[Material provided]
☆ ☆ ☆ ☆ ☆ ☆ ☆

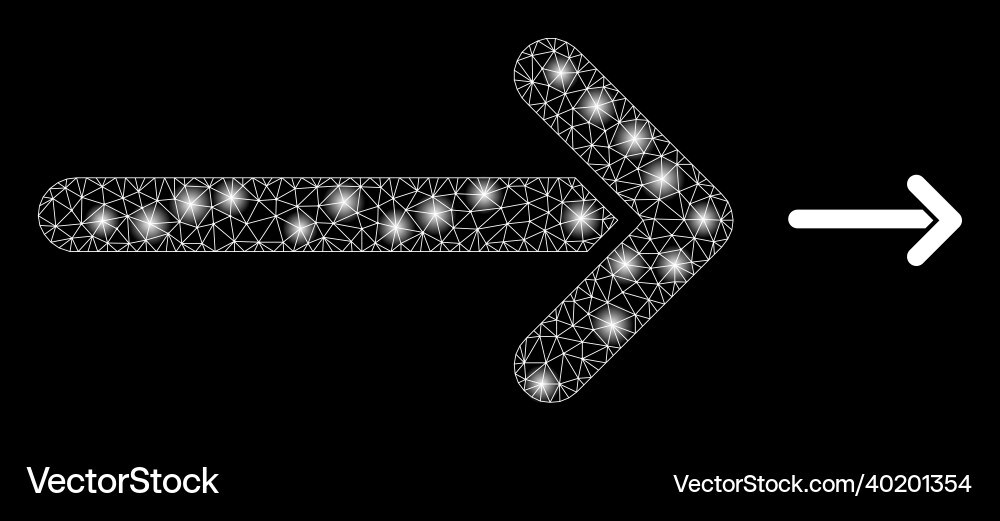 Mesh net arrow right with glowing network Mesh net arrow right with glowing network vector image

☆ ☆ ☆ ☆ ☆ ☆ ☆

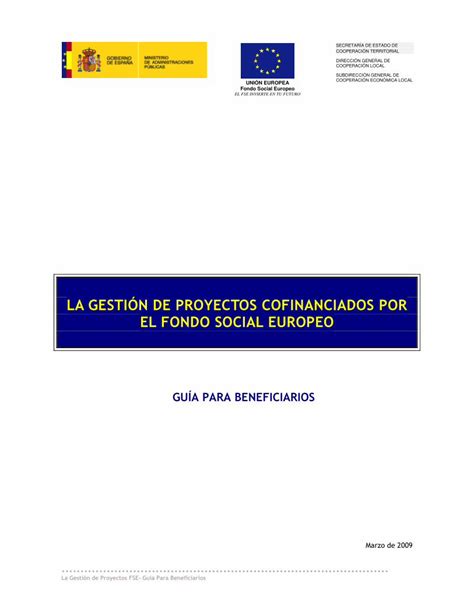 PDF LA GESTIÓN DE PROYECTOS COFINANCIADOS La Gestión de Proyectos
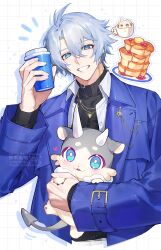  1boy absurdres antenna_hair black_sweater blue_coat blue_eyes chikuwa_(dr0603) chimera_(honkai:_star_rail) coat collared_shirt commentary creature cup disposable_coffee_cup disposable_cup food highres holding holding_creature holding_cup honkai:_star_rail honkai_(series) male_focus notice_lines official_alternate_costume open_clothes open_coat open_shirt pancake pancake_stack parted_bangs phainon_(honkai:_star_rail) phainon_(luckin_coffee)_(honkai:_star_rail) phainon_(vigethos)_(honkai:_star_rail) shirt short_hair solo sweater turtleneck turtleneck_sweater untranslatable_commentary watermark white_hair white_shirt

☆ ☆ ☆ ☆ ☆ ☆ ☆

[What is expected] Retype the lines above exactly as they appear, from the line containing "PDF LA GESTIÓN" through the line containing "1boy absurdres antenna_hair", and leave out any pictures.

[Output for this task]
 PDF LA GESTIÓN DE PROYECTOS COFINANCIADOS La Gestión de Proyectos
  1boy absurdres antenna_hair black_sweater blue_coat blue_eyes chikuwa_(dr0603) chimera_(honkai:_star_rail) coat collared_shirt commentary creature cup disposable_coffee_cup disposable_cup food highres holding holding_creature holding_cup honkai:_star_rail honkai_(series) male_focus notice_lines official_alternate_costume open_clothes open_coat open_shirt pancake pancake_stack parted_bangs phainon_(honkai:_star_rail) phainon_(luckin_coffee)_(honkai:_star_rail) phainon_(vigethos)_(honkai:_star_rail) shirt short_hair solo sweater turtleneck turtleneck_sweater untranslatable_commentary watermark white_hair white_shirt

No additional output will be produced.